Replicating PostgreSQL Data with Slony
Replication is the process of distributing data from database to database. Typically, the databases reside on different physical computers. PostgreSQL has supported a number of replication mechanisms over the years, but Slony is emerging as the preferred replication solution. Slony offers asynchronous, one-way, cascading replication of data from one origin to any number of subscribers.
Asynchronous means that the copy of the data that you find at a subscriber may not be the most current datathe subscriber may be "out of sync" with the origin.
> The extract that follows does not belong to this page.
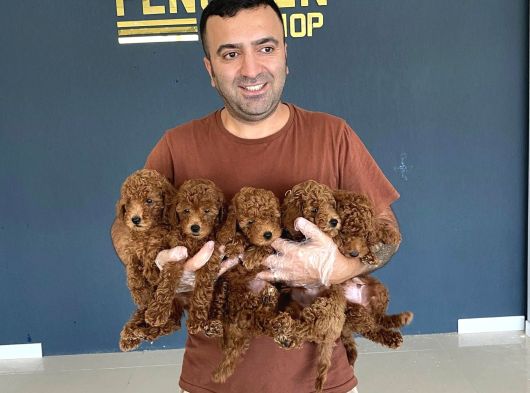 Tr Ni̇n En Güzel Toy Poodle Yavrulari Renk Renk Ankara görsel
In fact, you may find different data at each subscriber. Asynchronous replication implies that a subscriber does not need to be up-and-running all the time. You can take a subscriber offline and you won't affect the originthe subscriber catches up after you bring it back online. Of course, if a subscriber is offline for an extended period of time (and many data changes have occurred at the origin), it can take quite a while for the client to catch up. Bringing a slow subscriber back in sync can also create a heavy load on your network and on the provider database.
One-way replication means that you can only change a replicated table at the origin. Slony copies any changes to the original table to each subscriber node. At each subscriber site, Slony adds a trigger to the replicated table that prevents you from modifying the data. (Replicated tables are modifiable at the origin and read-only at each subscriber.)
A cascading replication mechanism (such as Slony) lets you lighten the load on the origin by cascading changes from subscriber to subscriber. Using a cascading topology means that the origin does not have to service every subscriber. Instead one subscriber can service another. Every node in a replication cluster can act as a provider for one or more subscribers.
To avoid confusion, Slony documentation doesn't talk about master or slave nodes. Every node that participates in a Slony cluster can originate tables and subscribe to other tables. (That is, every node can act as both an origin and a subscriber.) Here's a quick preview of the terminology used by the Slony developers:
- Node: A node is a database that acts as an origin, a subscriber, or both.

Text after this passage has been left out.